My personal favorite combination to spread on a simit involves butter, a salty cheese and a dollop of honey. In this case, the medley creates a sweet and salty crave-worthy flavor. The cheese used for this particular topping could be anything from kaşar, which gives the flavor a sweeter taste, to tulum, feta cheese or even the more mellow süzme peyniri, which is a soft and creamy “strained” cheese. Those who have visited Alaçatı will be familiar with the lor cheese and mulberry jam flavor profile, which is a favorite in this upscale and popular vacation town in Izmir. Lor is a mild and soft curd cheese and it is also used to make a dainty ball-shaped hard cookie that is also distinct to the region. The combination of the creamy cheese and the sweetness and dark burgundy color of the mulberry jam makes for a perfect combo to top a piece of simit. If mulberry jam, which is called düt reçeli, is not on hand, black cherry (vişne) jam serves as a great substitution.
Simit also pairs wonderfully with any sort of tomato or red pepper paste or the variety of breakfast dips that are made by combining the two with other ingredients such as walnuts, garlic, basil and coriander. While either paste can be served up as part of the breakfast spread, this saucy combination is referred to as acuka dip and it is available for purchase from any shop or supermarket. This spicy sauce-like dip goes wonderfully spread on a simit and even better with a piece of feta cheese to accompany it. In all of its simplicity, one of the best accompaniments to a simit is simply a piece of feta cheese, with which you can never go wrong. But one of the absolute best ways to enjoy a simit is to dip it into a pan filled with fried sucuk, Türkiye’s signature spicy sausage, or to lap up the tomato and pepper juiciness in the country’s signature egg dish, menemen.

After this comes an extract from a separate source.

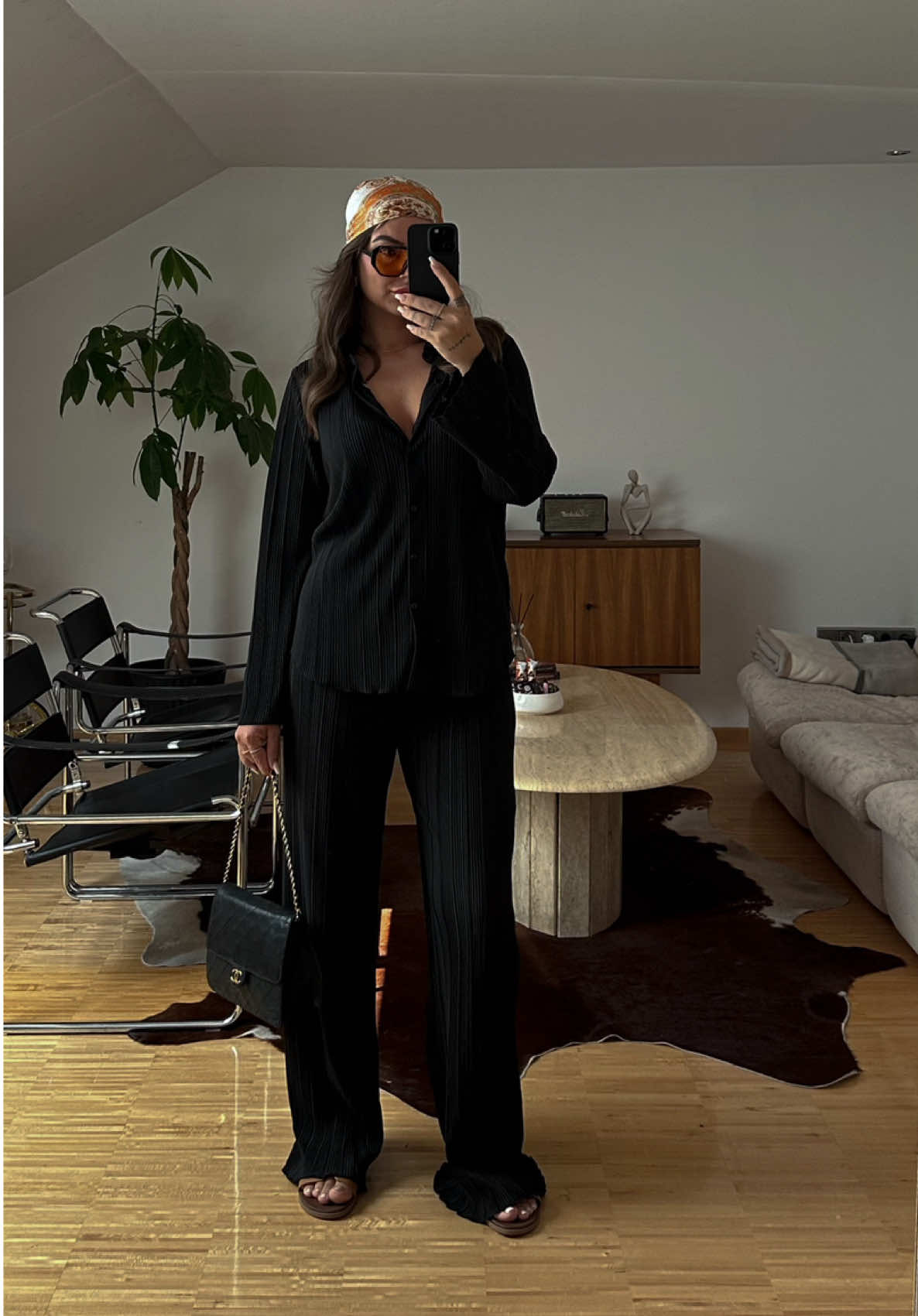 Effortless, but make it chic. 芥 #fashioninspo #fashionreels #styleinspo #fashionstyle #fashion #summeroutfit #womansfashion #fashioninspiration #summerdress #OOTD #ootn #oldmoneystyle #oldmoneyoutfits #oldmoneyvibe #summervibes #outfitideas #outfits #styleinspiration #fitcheck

Many breakfast venues in Türkiye now offer a simit plate, in which case the saltier offerings from a Turkish breakfast spread are placed together on a single plate. These items include soğuş, which is chopped up tomatoes and cucumbers, olives, feta cheese and the adored acuka sauce. Cafes have also jumped on the bandwagon and many offer a toasted simit as a grilled cheese alternative. In this case, the simit is served warm with melted kaşar, tulum or feta and accompanied with tomatoes, sundried tomatoes and these days even a layer of pesto. This is the one variation in which a simit is served toasted, otherwise, the preferred way of biting into this special bread is when it has been baked that morning and is fresh as can be in all its glory.